Still, if the Hulk hadn't been there we'd never have had the story, nor seen the return of the Abomination, nor gained witness to the strange visual poetry of the final few pages as Klaatu and his doomed nemesis drift, panel by panel, into the sun, while Xeron and his crew resign themselves to powerlessly circling that sun until their air supply runs out. It really is an oddly haunting ending and pushes the strip into the realms of art.

I am slightly confused though as to how Bruce Banner and then the Hulk and the Abomination survive adrift in space in the last couple of pages, let alone how they manage to speak in the airless vacuum. I can only assume the ship's atmosphere shell extends an awful long way into space.
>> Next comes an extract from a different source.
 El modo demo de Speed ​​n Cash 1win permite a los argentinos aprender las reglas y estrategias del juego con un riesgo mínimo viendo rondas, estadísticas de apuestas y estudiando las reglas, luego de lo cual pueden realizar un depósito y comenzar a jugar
I also wonder if Cybor was called Cybor before he became a cyborg. If so, he clearly had the most prescient parents of any captain this side of a man called Mar-Vell.

Saturday, 7 August 2010

Incredible Hulk #136. Xeron, Klaatu and the Abomination

Incredible Hulk #136, Xeron, Klaatu and the Abomination(Cover from February 1971.)

"Klaatu! The Behemoth From Beyond Space!"

Written by Roy Thomas.
Drawn by Herb Trimpe.
Inked by Sal Buscema.
Lettering by Jean Izzo.


They say talent borrows and genius steals. In which case Roy Thomas must be up there with Einstein, as he commits Larceny on a scale I think anyone would have to call Grand. He steals the story's title from the 1958 movie It! The Terror From Beyond Space, the name of its monster of the month from the protagonist in The Day The Earth Stood Still, and the plot from Herman Melville's Moby Dick.

And lo and behold it is indeed a thing of genius as the Hulk comes up against the gigantic Klaatu a space monster the size of the Empire State Building, and Xeron an interplanetary harpoonist out to kill the thing but having to settle instead for capturing the Hulk as his latest crew-member.

I love this tale. It's like some strange dream gone mad, with gigantic monsters hiding in skyscrapers, and aliens travelling across the universe in sailing ships and rowing boats.

Gasp as we see Klaatu, a foe so huge and powerful that even the mighty Hulk himself can do nothing more than mildly annoy it.

Thrill to see the Hulk helpless against superior alien technology.

Shudder to see the return of the dreaded Abomination, radiation-spawned menace.

I think that, like Roy Thomas, I may have been watching too many 1950s sci-fi flicks.

But, on the Abomination front, even if we only get a brief glimpse, it's great to see him. For a villain who's supposed to be one of the Hulk's arch-enemies, it's amazing how long it's taken him to make what's only his second ever appearance in the strip.